The focus of this section of the paper is on the impact that increasing the openness of markets has on these relative price ratios. From a partial equilibrium perspective, allowing greater import competition should lead the price of domestically produced import-competing goods to either stay constant or fall relative to the world price.

Taking a general equilibrium perspective, however, the impact of a widespread increase in openness on relative prices in particular sectors will depend on their performance relative to other sectors. Only those sectors with productivity gains relative to the economy average would be expected to exhibit improvements in their relative price performance.[7] To the extent that the manufacturing sector is small relative to the rest of the economy, however, and provided productivity improvements resulting from internationalisation are concentrated in, and fairly evenly spread across manufacturing, one could expect to find relative price falls across much of the manufacturing sector as a result of internationalisation.

3.2 Changes in Relative Prices across the Manufacturing Sector

Changes in relative prices within different manufacturing industries are examined using data from the United Nations Industrial Development Organisation (UNIDO) database and producer price data from the Australian Bureau of Statistics. The UNIDO database covers a large number of industrialised and developing countries, and, for each country, contains annual data on nominal and real output for up to 30 manufacturing industries over the period from the late 1960s to the mid 1990s. Producer price indices are constructed from the UNIDO database by taking the ratio of nominal to real output for each industry in each country.

The Australian producer price data are available for 27 manufacturing industries, and are constructed by splicing UNIDO data for the period 1969 to 1976 to ABS producer price data for the period 1976 to 1994.[8]

The foreign price indices are constructed using price movements in 16 of Australia's major trading partners. In order to capture the competitive pressures placed on domestic producers as closely as possible, foreign prices are chain-weighted together using a moving average of foreign country export shares to Australia for each industry.[9] The foreign prices are converted to Australian dollars using bilateral exchange rates, and are tariff adjusted using Industry Commission estimates of average duty rates.[10] Transportation costs are not adjusted for in this analysis.

The resulting ratios of domestic to foreign output prices are shown in Figure 1. Summary statistics regarding movements in these indices are presented in Table 1. In drawing conclusions from these data, we have kept in mind the fact that international comparisons are fraught with difficulty.

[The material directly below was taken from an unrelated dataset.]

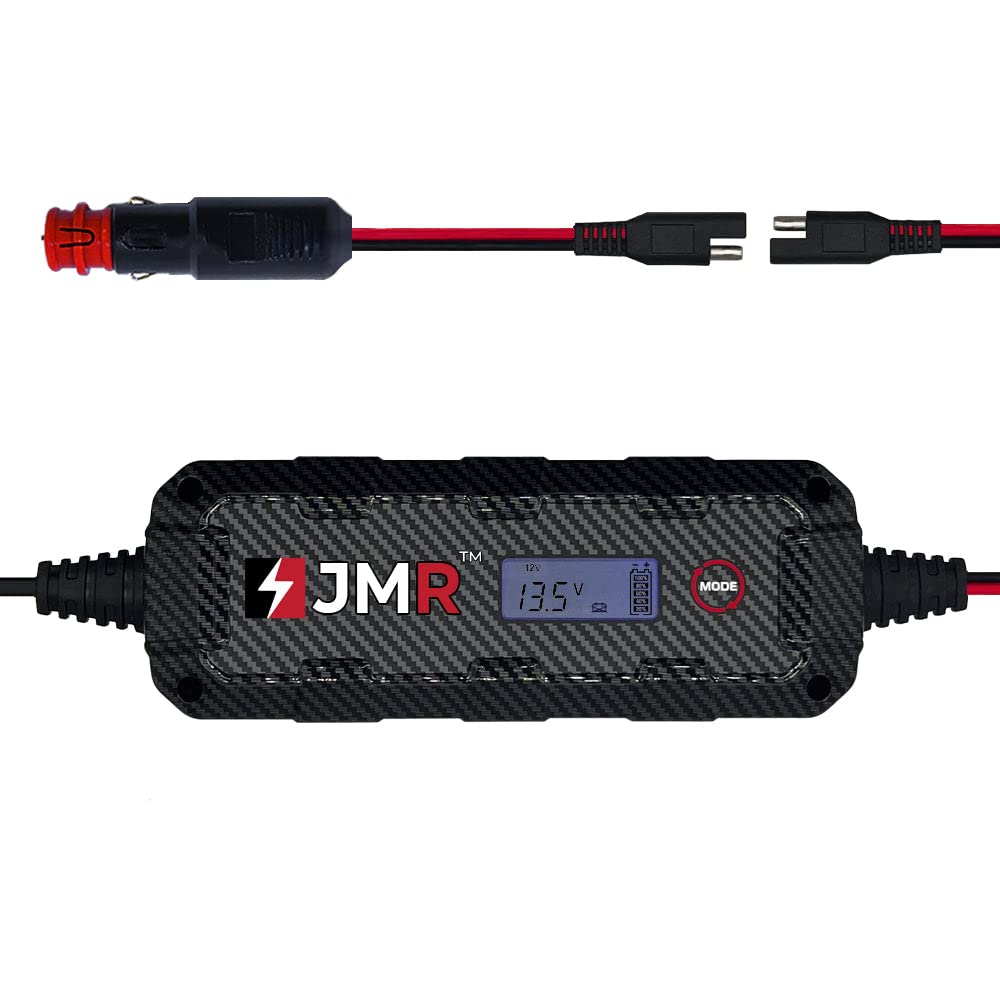 Jmr Battery Charger For Nissan Gt-R Armada Titan Z 370Z Murano Pathfinder Quest Nv 350Z Maxima Frontier Altima All Models Trickle Charger Conditioner Maintainer (Add Lithium Mode)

Even in industrialised countries, as suggested by the Boskin (1996) report, it is difficult to accurately measure price movements and appropriately adjust for quality and compositional changes. Many of these problems are likely to be exacerbated in developing countries. When examining these indices we are thus sceptical about the magnitude of some of the individual movements, and take from these data some overall trends rather than placing too much weight on individual industry experiences.[11] Note that since these indices have been calculated using price indices rather than actual price levels, only conclusions regarding changes in relative prices can be drawn.[12]

Figure 1: Relative Prices
Figure 1: Relative Prices
Table 1: Changes in Relative Prices by Industry
Number of industries for
which relative prices have:
1969/72 to
1991/94
1969/72 to
1980/83
1980/83 to
1991/94
Decreased 21 11 21
Increased 1 4 1
Unchanged 5 12 5
Note: Based on percentage changes in the relative price measures presented in Figure 1. Industries are classified as ‘unchanged’ if the relative price change is less than 10 per cent in either direction.

The main conclusion we draw from these data is that there have been widespread and substantial falls in relative prices for a large number of manufacturing industries over the three decades considered. Table 1 illustrates that over the full sample period, relative prices fell in 21 of the 27 industries, and only rose in one industry.[13] We discuss this conclusion in more detail below.

These data also illustrate that relative price shocks can be quite large and persistent, driving relative prices away from long-term trends. Following the nominal exchange rate depreciation in 1986, for example, most industries experienced a fall in their real exchange rate (Figure 1). For some industries this gain was subsequently eroded, while for others it was maintained.[14] We attribute the persistence of relative price shocks to rigidities in the economy which imply that it takes time for consumers and producers to observe and respond to relative price changes.[15] One implication of this is that once-off movements in the price level which flow from structural adjustments, may take place over quite a long period as relative prices gradually adjust.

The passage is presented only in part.